There won't be enough new development or redevelopment in these areas to bring about a solution. "It's almost certain that the next MSTIP (Major Streets Transportation Improvement Program) levy will include bike/ped improvements as a major element," says Madden. Voters will likely be asked to pass the next levy in 2012. This will be a big departure, since only roads scheduled for big improvement projects, like our recent Murray and Saltzman projects, have been accompanied with bicycle and pedestrian facilities.

None of this will come about quickly enough for many local residents, to be sure. Some have suggested a Local Improvement District (LID) project that would bring neighbors together to pay for improvements. A petition drive is being planned in the neighborhood near the recent accident. Nearly every response to the news about Cassidy's death included frustration with the lack of bike/ped facilities.

One of the biggest costs in constructing sidewalks in an area like 119th is the acquisition of Right-of-Way (ROW). However, much of that ROW on 119th is a rocky ditch, which although it's privately owned, is hardly an amenity that homeowners treasure. Perhaps many of the property owners will be inspired to donate or sell the land cheaply to the county to help the community.

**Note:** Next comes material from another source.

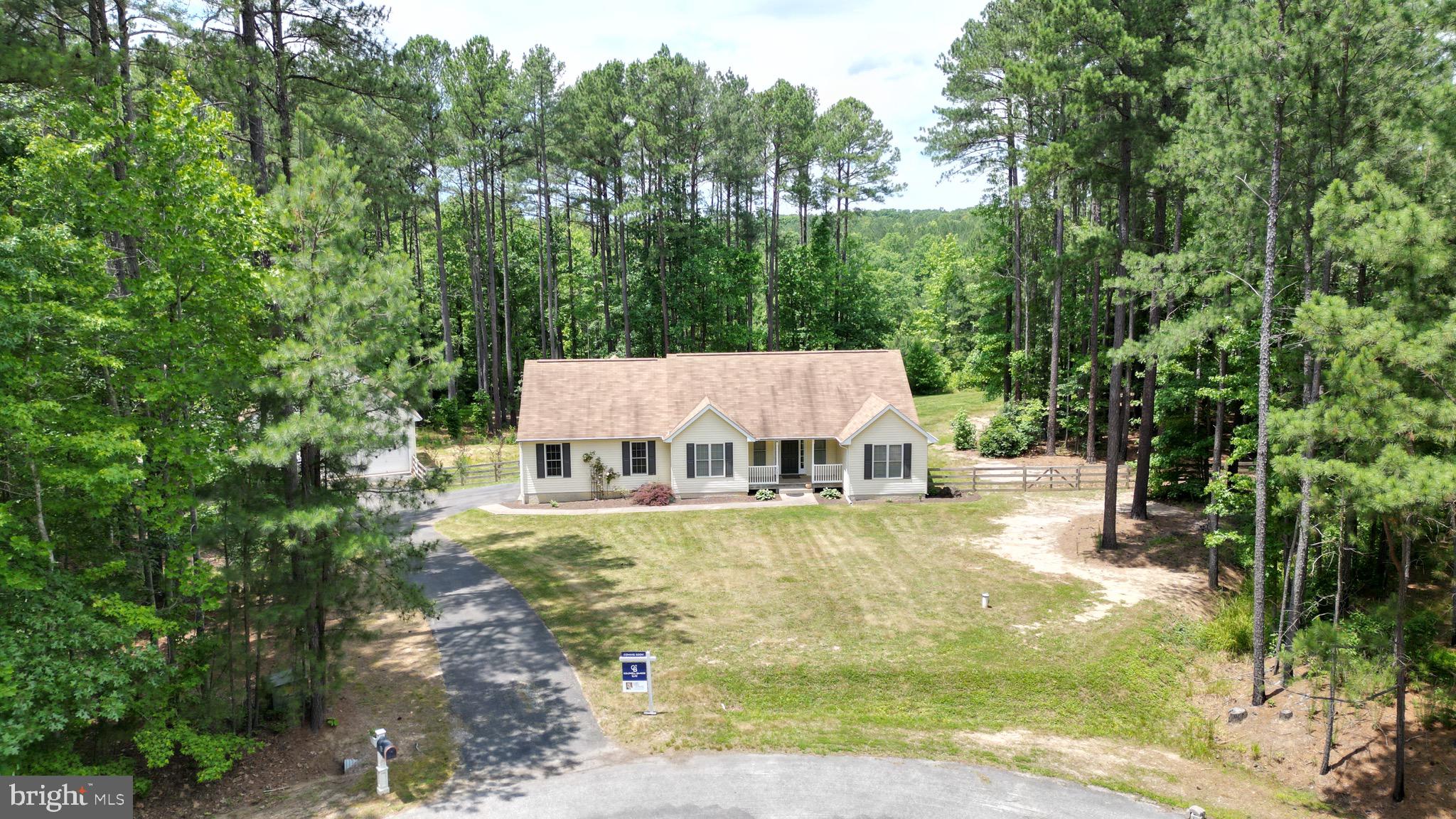 SIX LAKES WEST - Residential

One quick response from the county may be to put up some signs reminding pedestrians to walk facing traffic, rather than with it. We'll never know if this recent tragedy could have been prevented that way, but it might help remind people to take extra care until a permanent solution can be reached.

CPO 1's Connecting Neighborhoods subcommittee has been wrestling with just such problems. We're learning to work with the county, ODOT, and other regional and national partners to find ways to improve the options for active travel, whether it's sidewalks and bike lanes or alternative paths through neighborhoods that avoid car-laden routes altogether. We meet on the second Wednesday from 7-8:30 pm at the Leedy Grange Hall, and we welcome new members with constructive approaches to this dilemma.